Bylaws of the
WISCONSIN CHAPTER, INC., NATIONAL RAILWAY HISTORICAL SOCIETY
The purpose of this organization is to facilitate the exchange of information among people interested in railroads, railway history, and railway preservation.
The name of this organization shall be WISCONSIN CHAPTER, INC., NATIONAL RAILWAY HISTORICAL SOCIETY (hereafter referred to as “Chapter”). Its members shall be governed by the Constitution and Bylaws of the National Railway Historical Society (“National”), as amended from time to time, a copy of which is held by the Chapter secretary and available to Chapter members; and by these bylaws, which are set up in accordance with the National bylaws.
II. MEETINGS, QUORUM:
a. Regular meetings shall be held as determined by the Board of Directors. The Board shall designate either the January or the February meeting as the annual meeting of the corporation.
b. Full opportunity shall be granted at all meetings for discussion of old and new items of business.
c. A quorum shall consist of 5% of Chapter members in good standing, in person or by proxy. If a quorum is not reached, no Chapter business may be acted upon.
d. Special meetings shall be called by the president upon the written petition of l/3 of the membership, or upon majority vote of the Board of Directors.
e. Meetings of the Board of Directors will be convened by the president no fewer than two times per year. Appropriate notice, including the publication of an agenda, must be given to members at least two weeks prior to the meeting. A quorum exists if 2/3 of all directors are present. If a quorum is not reached, no Chapter business may be acted upon.

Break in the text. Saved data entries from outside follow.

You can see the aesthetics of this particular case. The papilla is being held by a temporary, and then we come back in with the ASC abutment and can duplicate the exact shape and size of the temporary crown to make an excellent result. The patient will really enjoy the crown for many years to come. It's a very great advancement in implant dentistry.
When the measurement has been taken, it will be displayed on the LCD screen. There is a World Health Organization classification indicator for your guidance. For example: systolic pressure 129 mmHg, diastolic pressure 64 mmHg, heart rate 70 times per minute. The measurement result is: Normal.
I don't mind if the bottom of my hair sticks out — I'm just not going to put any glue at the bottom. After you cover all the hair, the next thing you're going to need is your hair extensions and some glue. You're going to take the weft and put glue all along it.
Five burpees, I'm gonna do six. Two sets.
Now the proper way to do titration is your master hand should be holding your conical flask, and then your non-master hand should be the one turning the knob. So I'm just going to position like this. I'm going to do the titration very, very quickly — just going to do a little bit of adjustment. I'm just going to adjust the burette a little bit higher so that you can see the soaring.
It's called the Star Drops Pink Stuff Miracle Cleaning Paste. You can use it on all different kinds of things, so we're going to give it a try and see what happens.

a. An interest in railway history and payment of Chapter and National dues are the only requirements for membership. Applications for membership shall be considered by and subject to approval by the Treasurer and one other officer of the Chapter.

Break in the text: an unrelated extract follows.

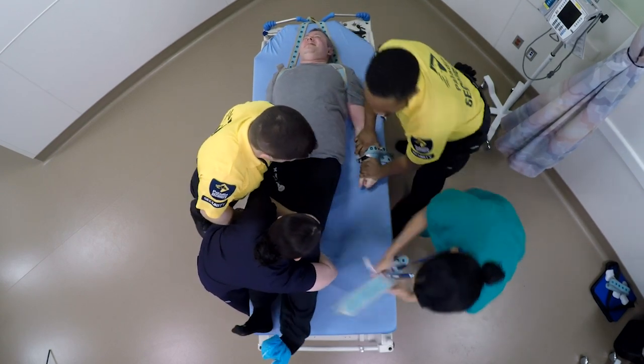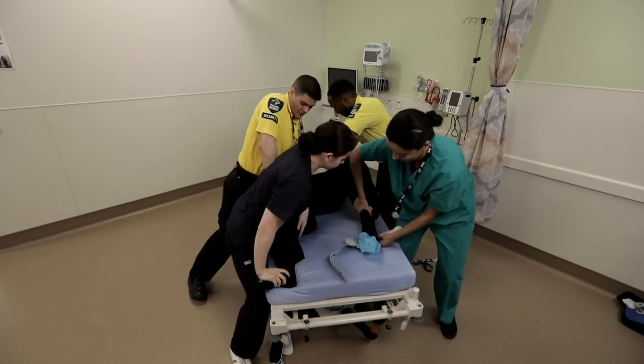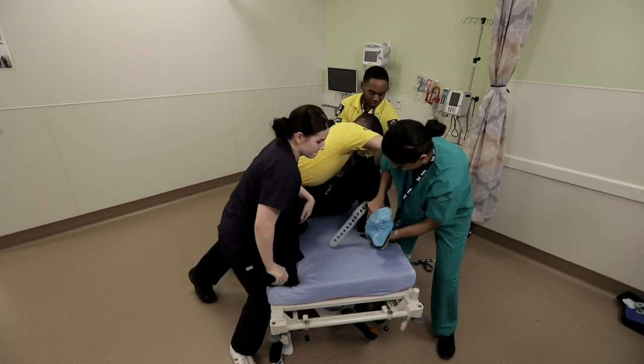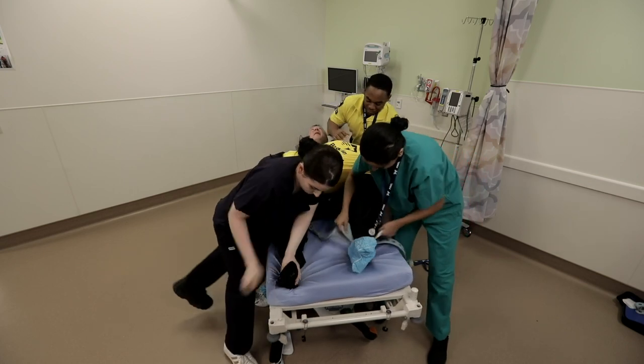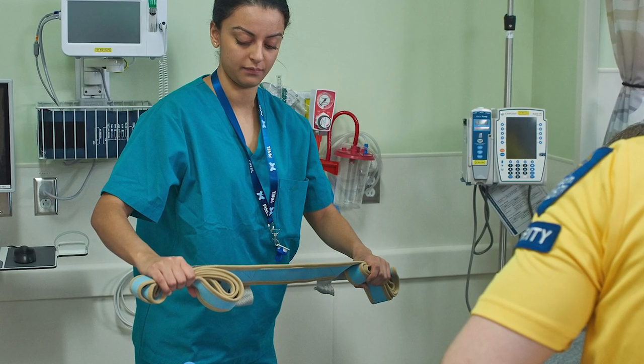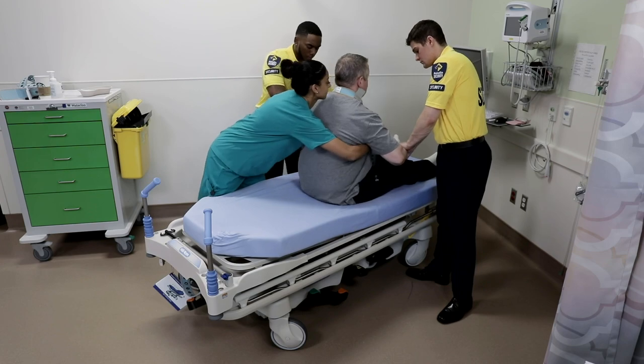If possible, the team leader should position the torso control belt even before the patient is placed onto the stretcher. This belt can assist in dragging the patient to the head of the bed or stretcher. In preparation, the team leader folds the ends of the torso control belt so that it can be easily tossed over his shoulders.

b. Membership may be declined or terminated by the Board of Directors when it is felt the conduct of the applicant or member would be, or is, prejudicial to the Chapter's best interests. Re-admission of such a terminated member will be only upon a 2/3 vote of the membership in attendance at a regular meeting.

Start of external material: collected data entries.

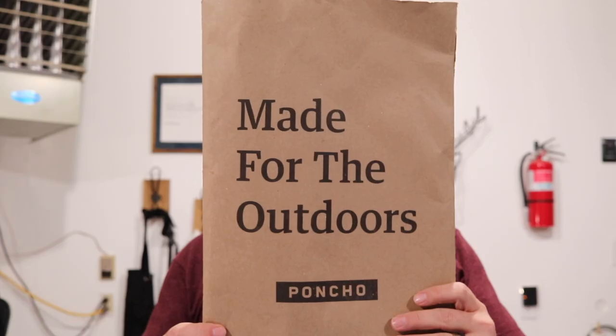Take two! Hey guys, welcome back to the channel. This is the second time I've had to shoot this video — first world YouTube problems, there was no audio the first time. But I'm super excited, which is why I'm shooting it even a second time, to bring you Poncho Made for the Outdoors flannel.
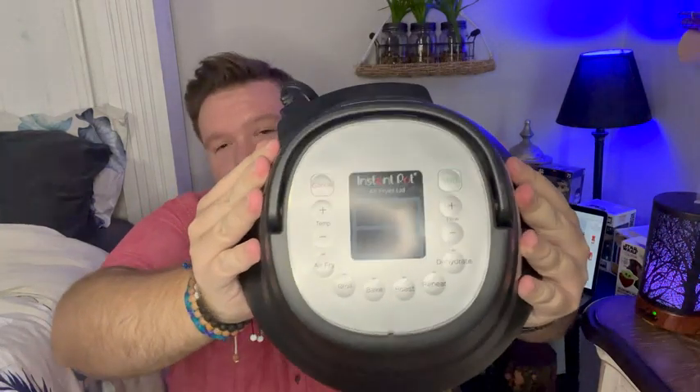So you love your Instant Pot but you want an air fryer, but you don't really want to have all kinds of extra kitchen utensils — maybe you're trying to save some counter space or be more minimalistic. Well, this air fryer lid by Instant Pot solves all those problems. You can use this directly with the Instant Pot you already have.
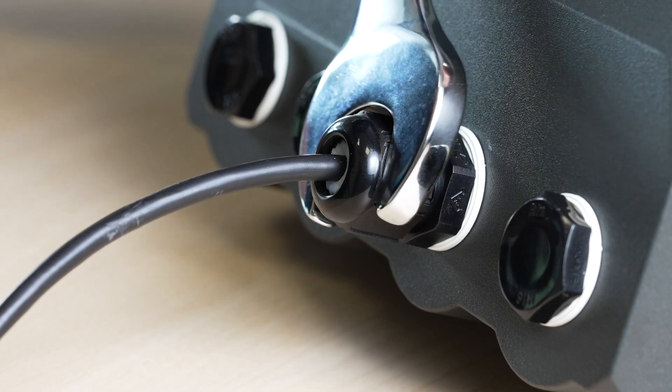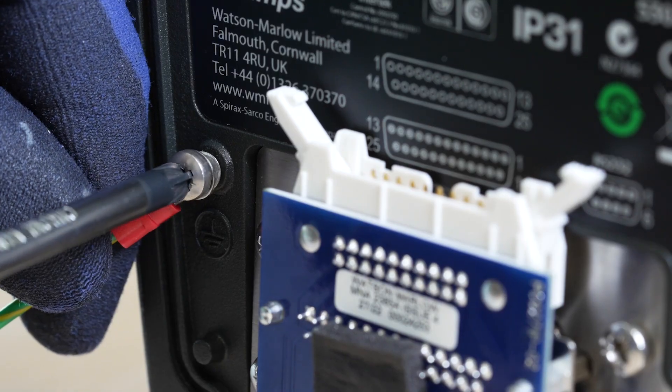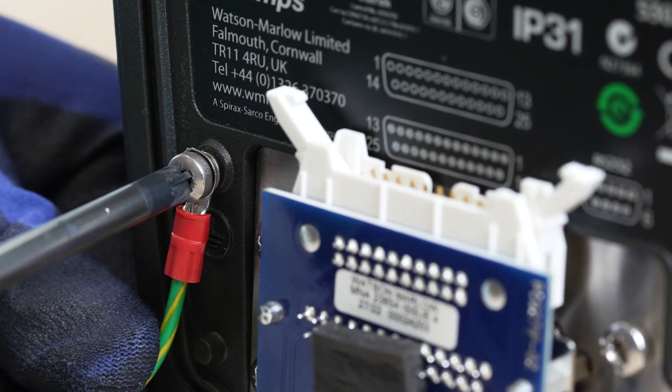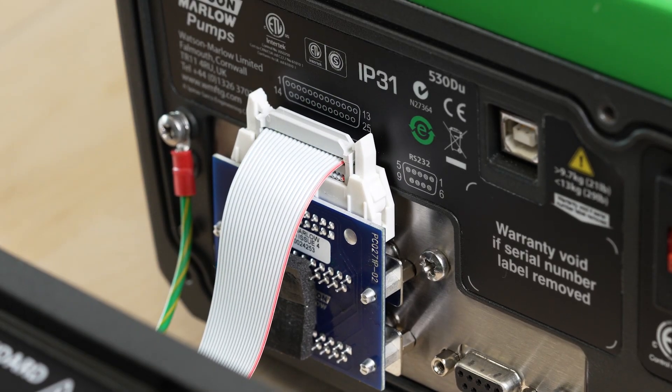Attach the cable screen to the earth spade terminal. Tighten up the cable gland to secure the cable in place and provide a waterproof seal. Replace the earth wire between the pump body and the I/O board. Following the keyway, reinsert the ribbon cable to the connector adapter board.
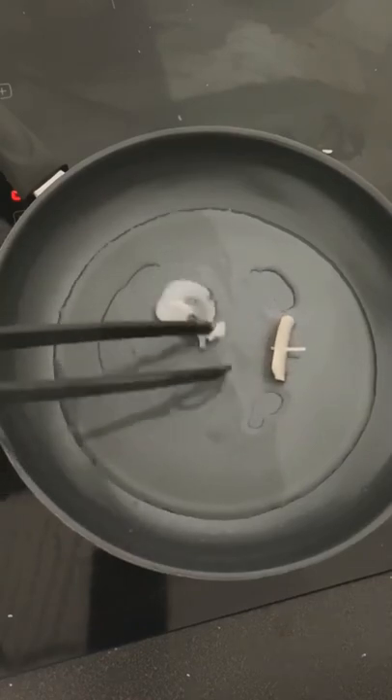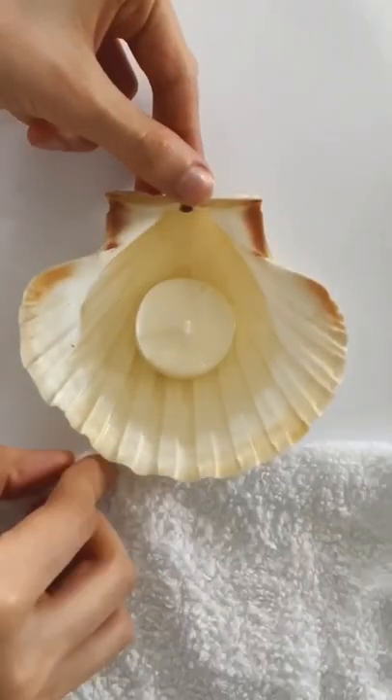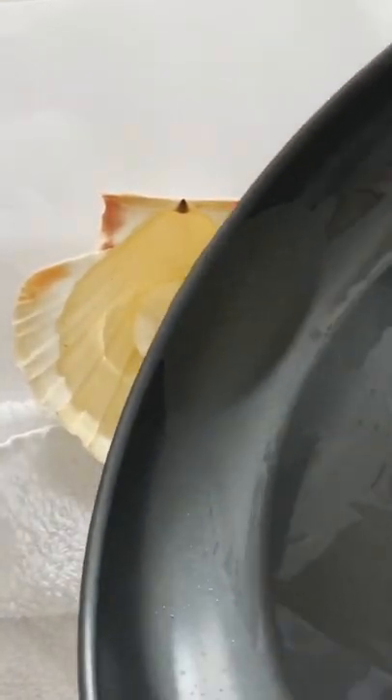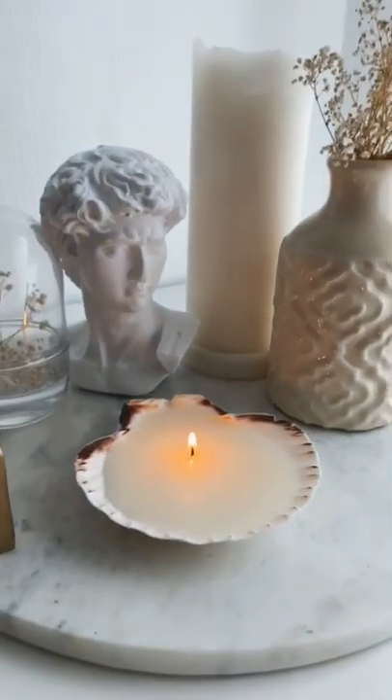Please be careful — ask someone for assistance or help because I do not want you to burn yourself. I'm placing a towel underneath; this way it will lift it up and I can pour more melted wax in it. Once it's completely cooled down, you can use it as a decoration or for taking pictures or whatever you want.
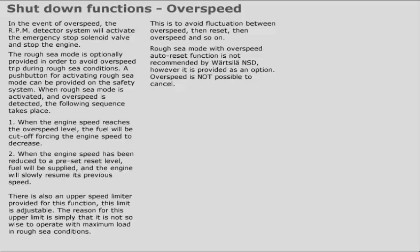Rough sea mode with overspeed auto reset function is not recommended by Wärtsilä NSD. However, it is provided as an option. Overspeed is not possible to cancel.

c. The treasurer shall advise members when their dues are about to become delinquent, shall terminate the membership of those who are more than three months delinquent, and shall promptly advise the secretary and the circulation manager of such termination.
a. Annual Chapter dues shall be determined by the Board of Directors.
b. Chapter funds shall be used only to further the purposes and interests of the Chapter and the National Railway Historical Society, as determined by the Board.
c. Expenditures up to $350 may be authorized by the president or treasurer; expenditures of more than $350 shall be approved by the Board of Directors.
d. An audit of the books of the Chapter shall take place annually by an audit committee. The audit committee shall be appointed by the president, and shall consist of minimum of three Chapter members, at least one of which shall not be a member of the Board of Directors.
V. OFFICERS & BOARD OF DIRECTORS:
a. The Officers and the Directors of the Chapter shall be elected at the annual meeting, and they shall serve until their replacements are elected.
b. Officers shall consist of a president, vice president, secretary, and treasurer.
c. The board of directors shall consist of the elected officers and five directors.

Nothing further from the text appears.